The Getty is impossible to get to anyway! :) But on some back roads the Garmin is wrong--but for are Rand McNally--Never used Tom Tom... Waze has gotten us routed around accidents with good routes, and agree the Apple, Google Maps are generally good.
 
thataway":1uzx16y2 said:
Jay's post reminded me that we had navigated the entire coast of Yugoslavia in 1984 using a road map. The scale was accurate. We knew Lat and Long of several points, scaled it out for the whole map. We also had a guide book written in German (which neither of us speak or read well --to the extent that one evening we ordered "horse steaks" :cry: We went slowly and relied on eyeballs and digital depth sounder.

:shock:

I feel like I should be doing ethnographic research into this c brat culture. I think I am generally An adventurous person sometimes, until I sit down to casually read a thread on paper charts and gps and it takes me to the deck of a boat holding a road map in pre-war Yugoslavia.
 
SnowTexan" :shock: I feel like I should be doing ethnographic research into this c brat culture. I think I am generally An adventurous person sometimes said:
In 1984, Yugoslavia was certainly a very interesting place. We didn't see any of the ethnic divisions which lead to the war.
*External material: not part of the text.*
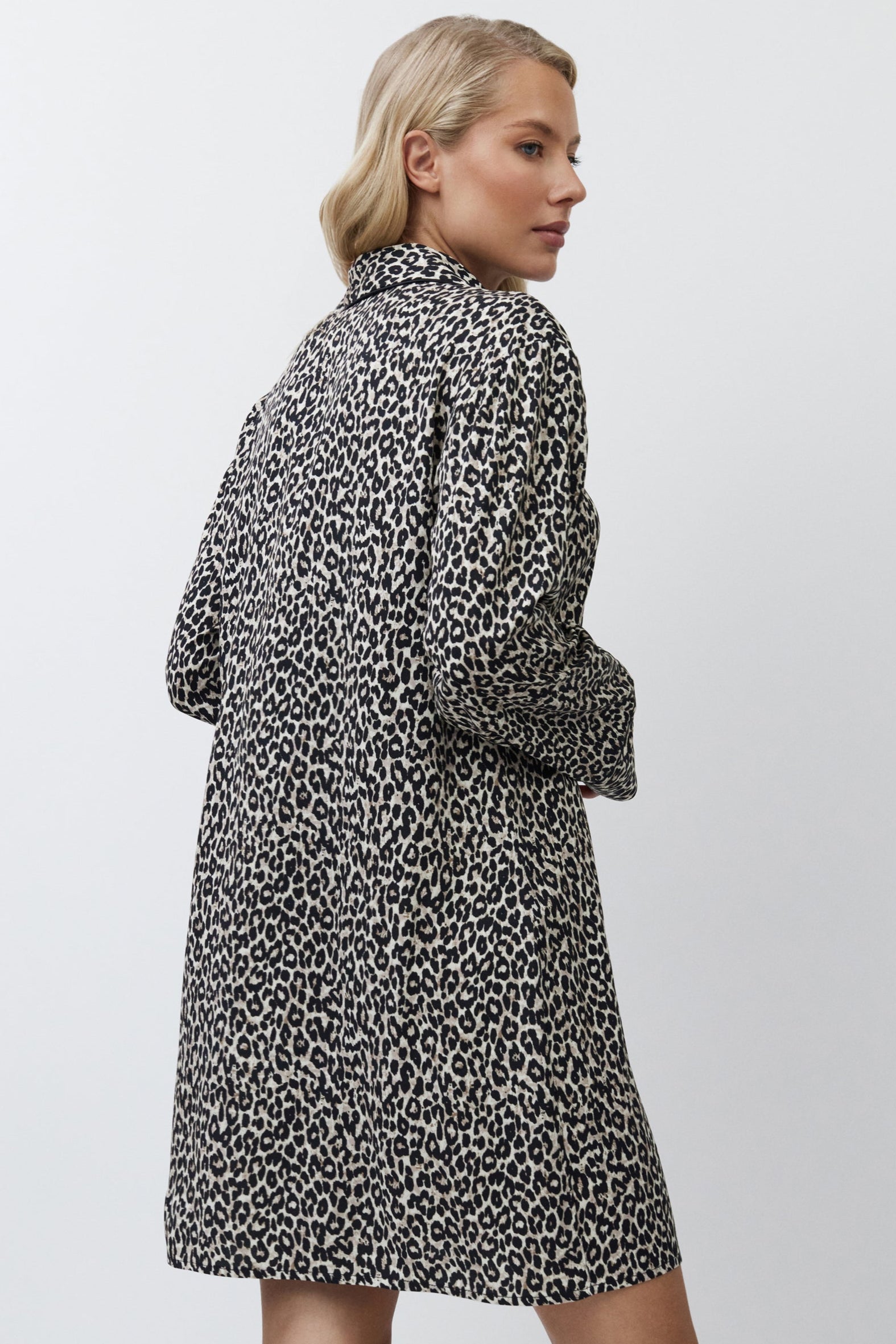 Woman wearing a patterned nightdress on a plain background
However it was definitely a communist nation, and we were very aware of its effect on the populace. Our children were our entry into their culture. I was also amazed by the amount of smuggling of goods going on along the coast.

There was virtually no pleasure boating among the inhabitants. We met people who would save up their fuel coupons for fuel for a week's vacation for a 10 hp Diesel engine in a old converted wooden fishing boat.